Тот сухо рассмеялся:
– Вы действительно так ничего и не поняли. Здесь, в Омдурмане, возможны только два варианта ответа: «да» или «нет».
Джереми замялся.
– В таком случае для начала я хотел бы кое о чем спросить вас. – Он понизил голос почти до шепота: – Как мне отсюда выбраться?
Глаза Слатина заблестели и стали прозрачными.
– Вы в своем уме? – воскликнул он. – Разве вы не видите, что это невозможно? Или я, по-вашему, никогда не пытался сделать ничего подобного? Даже если вы выйдете отсюда, – он обвел рукой, показывая на ограду вокруг Сайера, – даже если Халифа снимет с вас оковы, как когда-то с меня, из Омдурмана вам не выбраться! Подумайте сами, куда вы направитесь? И главное – как? Пешком вам далеко не уйти, особенно без воды. И ни один караван, ни один лодочник вас, белого, с собой не возьмет. Никто не продаст вам ни верблюда, ни еды, потому что все будут подозревать в вас беглого. Слишком велик у людей страх навлечь на себя гнев Халифы. А если вы попытаетесь что-нибудь взять сами, вас ждет виселица. – Слатин замолчал, словно обдумывая собственные слова. – Послушайте, будьте благоразумны. Переходите в ислам и присягните на верность Халифе. Возьмите себе жену, сделайте ей пару ребятишек – здесь на это смотрят благосклонно. А потом спокойно дожидайтесь перемены ветра.
«Никогда, – повторял про себя Джереми. Он снова вспомнил о девушке, которая хотела ему помочь и так жестоко за это поплатилась. – Никогда. Лучше умру при попытке сбежать».
Слатин похлопал его по ноге и поднялся с ангареба.

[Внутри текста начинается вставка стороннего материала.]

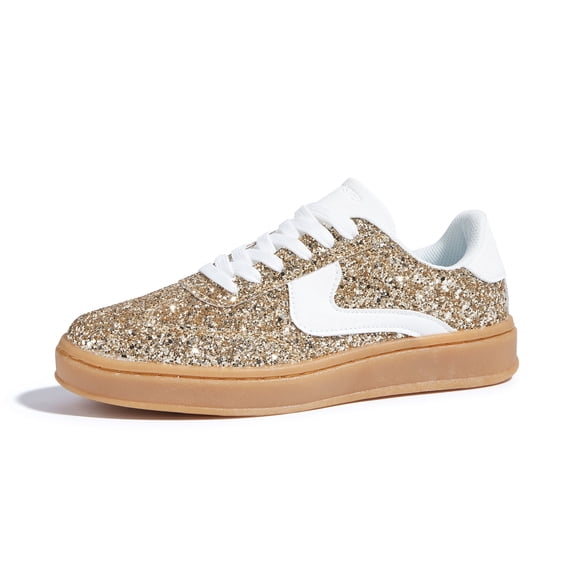 LUCKY STEP Glitter Fashion Sneakers Retro Sparkly Shiny Casual Shoes,Gold&White,Womens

– Так что мне передать Халифе?
На мгновенье Джереми задумался.
– Передайте, что я добуду ему селитру.
Не успел Джереми снова вытянуться на ангаребе, чтобы попытаться выудить из памяти хоть что-нибудь связанное с производством селитры, как двое угрожающего вида дервишей, потрясая копьями, устремились к нему через площадь. «Ялла! Ялла!» – загалдели они, приблизившись. Джереми понял. Он опустил скованные ноги с деревянного помоста, оттолкнулся и скатился на землю. Дервиши загалдели, тыча в него тупыми концами копий. Джереми судорожно изогнулся, поднялся на ноги и сделал несколько шагов в направлении площади. Однако, в очередной раз переставляя опухшую правую ногу, он подвернул ее и снова свалился, под крики и улюлюканье туземцев. На этот раз подъем занял больше времени, несмотря на отчаянные тычки и удары копий. Когда же Джереми, шатаясь, встал на ноги, дервиши выглядели озадаченными и, по-видимому, решили отказаться от намерения продолжать путь столь кропотливым образом. Обменявшись короткими репликами, они подхватили пленника под мышки и поволокли за пределы зарибы на площадь, туда, где возле врытого в землю столба лежала цепь и короткий деревянный колышек. Один из дервишей продел цепь через железный обруч на ноге пленника, обернув другой ее конец вокруг столба и, используя колышек в качестве рычага, освободил ногу Джереми от железа, после чего проделал то же самое с другой ногой. Во время этой процедуры Джереми не издал ни единого звука, хотя кожа на его лодыжках облезла, обнажив синие, вздувшиеся сухожилия. После этого один из дервишей, дабы окончательно выбить из головы пленника мысль о побеге, ударил его кулаком в затылок, а другой изо всей силы ткнул в крестец тупым концом копья.